If you want to make millions out of a sporting career, your best bet might be to take up golf...
There are already 143 men who have won at least $1 million in prize money this year on golf's PGA Tour in the US and the European Tour. Justin Thomas, pictured, tops the money list for 2017 with $9.9 million from 25 events.
By contrast, 49 men have won at least $1 million on tennis' ATP World Tour this season. Reigning French Open and US Open champion Rafael Nadal leads the money list with $12.6 million in on-court earnings
Although Roger Federer has won 19 tennis majors compared with 14 golf majors for Woods, the two have earned roughly the same prize money in their careers with around $110 million.
These numbers change when we compare women's tennis and golf. With the women's tennis season now officially over, 37 players on the WTA tour -- including year-end world No. 1 Simona Halep -- made $1 million or more.
Venus Williams topped the 2017 money list in women's tennis, earning $5.5 million from reaching two major finals at Wimbledon and the Australian Open and finishing runner-up at the year-end WTA Finals.
South Korean golfer Sung Hyun Park, winner of the Women's US Open, leads the LPGA 2017 money list with $2.3 million in prize money.

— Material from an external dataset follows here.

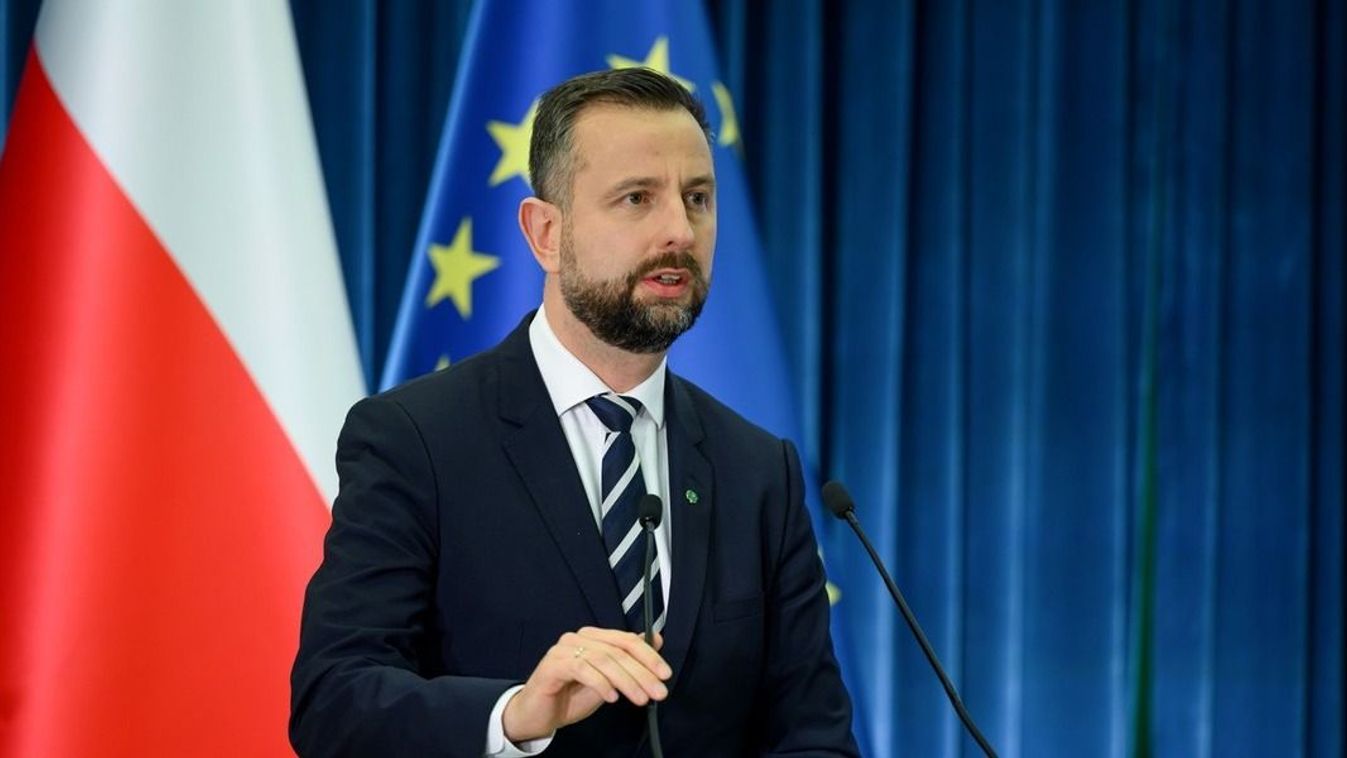 Lengyelországnak fontosabb a NATO egysége, ezért nem küld katonákat Grönlandra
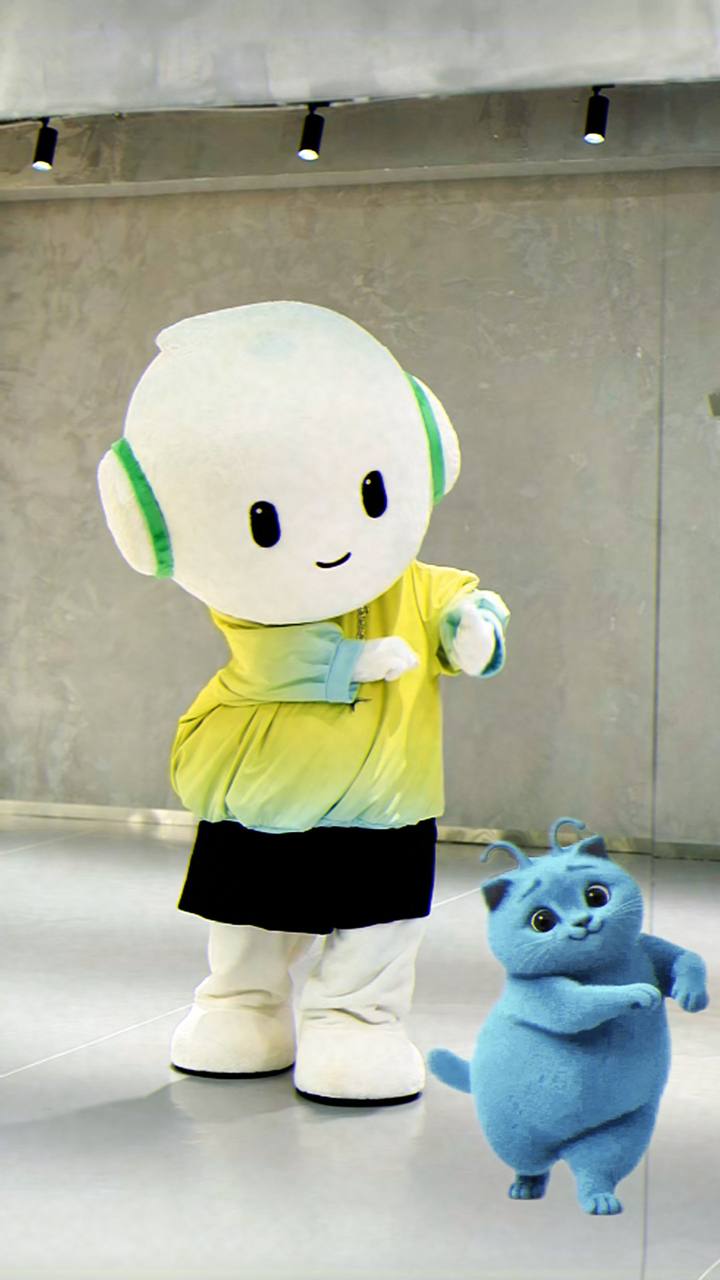 室内同框工作图 · 小欧与蓝猫的比例和站位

With a sport so dependent on physical strength, endurance and recovery, tennis players have a limited window in their careers during which they have to make their money.
Golfers don't have that kind of immediate pressure. Take American Steve Stricker, who despite being 50 years of age still earned just over $1 million in prize money this year on the PGA Tour.
For male golfers long past their prime, there is still serious money to be made. Now 60 and in the latter stages of his long career, Bernhard Langer leads the Champions Tour 2017 money list with just over $3.6 million -- which would rank him fourth on the men's tennis tour behind Nadal, Federer and Germany's Alexander Zverev.